**WHAT THIS TASK INVOLVES:** Repeat the entries. Each one must match exactly.
──────── SUPPLIED DATA
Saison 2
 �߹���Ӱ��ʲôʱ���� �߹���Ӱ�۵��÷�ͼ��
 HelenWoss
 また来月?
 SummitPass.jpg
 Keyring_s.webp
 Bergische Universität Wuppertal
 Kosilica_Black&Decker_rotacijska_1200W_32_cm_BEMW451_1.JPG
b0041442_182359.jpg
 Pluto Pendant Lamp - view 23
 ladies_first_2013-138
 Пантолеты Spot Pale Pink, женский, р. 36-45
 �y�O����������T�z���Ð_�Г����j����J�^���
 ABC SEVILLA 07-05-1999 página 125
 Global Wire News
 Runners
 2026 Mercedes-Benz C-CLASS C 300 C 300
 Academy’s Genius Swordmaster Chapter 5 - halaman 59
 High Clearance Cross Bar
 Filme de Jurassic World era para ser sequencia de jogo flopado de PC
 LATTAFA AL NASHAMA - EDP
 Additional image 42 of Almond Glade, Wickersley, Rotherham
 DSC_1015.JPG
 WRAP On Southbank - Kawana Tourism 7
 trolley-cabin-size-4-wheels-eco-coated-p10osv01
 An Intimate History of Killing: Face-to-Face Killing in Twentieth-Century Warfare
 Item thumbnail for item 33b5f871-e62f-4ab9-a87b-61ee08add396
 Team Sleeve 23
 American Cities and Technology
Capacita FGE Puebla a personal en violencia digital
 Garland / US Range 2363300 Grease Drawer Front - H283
────────────────
**REPLY TO THE EXERCISE:**
Saison 2
 �߹���Ӱ��ʲôʱ���� �߹���Ӱ�۵��÷�ͼ��
 HelenWoss
 また来月?
 SummitPass.jpg
 Keyring_s.webp
 Bergische Universität Wuppertal
 Kosilica_Black&Decker_rotacijska_1200W_32_cm_BEMW451_1.JPG
b0041442_182359.jpg
 Pluto Pendant Lamp - view 23
 ladies_first_2013-138
 Пантолеты Spot Pale Pink, женский, р. 36-45
 �y�O����������T�z���Ð_�Г����j����J�^���
 ABC SEVILLA 07-05-1999 página 125
 Global Wire News
 Runners
 2026 Mercedes-Benz C-CLASS C 300 C 300
 Academy’s Genius Swordmaster Chapter 5 - halaman 59
 High Clearance Cross Bar
 Filme de Jurassic World era para ser sequencia de jogo flopado de PC
 LATTAFA AL NASHAMA - EDP
 Additional image 42 of Almond Glade, Wickersley, Rotherham
 DSC_1015.JPG
 WRAP On Southbank - Kawana Tourism 7
 trolley-cabin-size-4-wheels-eco-coated-p10osv01
 An Intimate History of Killing: Face-to-Face Killing in Twentieth-Century Warfare
 Item thumbnail for item 33b5f871-e62f-4ab9-a87b-61ee08add396
 Team Sleeve 23
 American Cities and Technology
Capacita FGE Puebla a personal en violencia digital
 Garland / US Range 2363300 Grease Drawer Front - H283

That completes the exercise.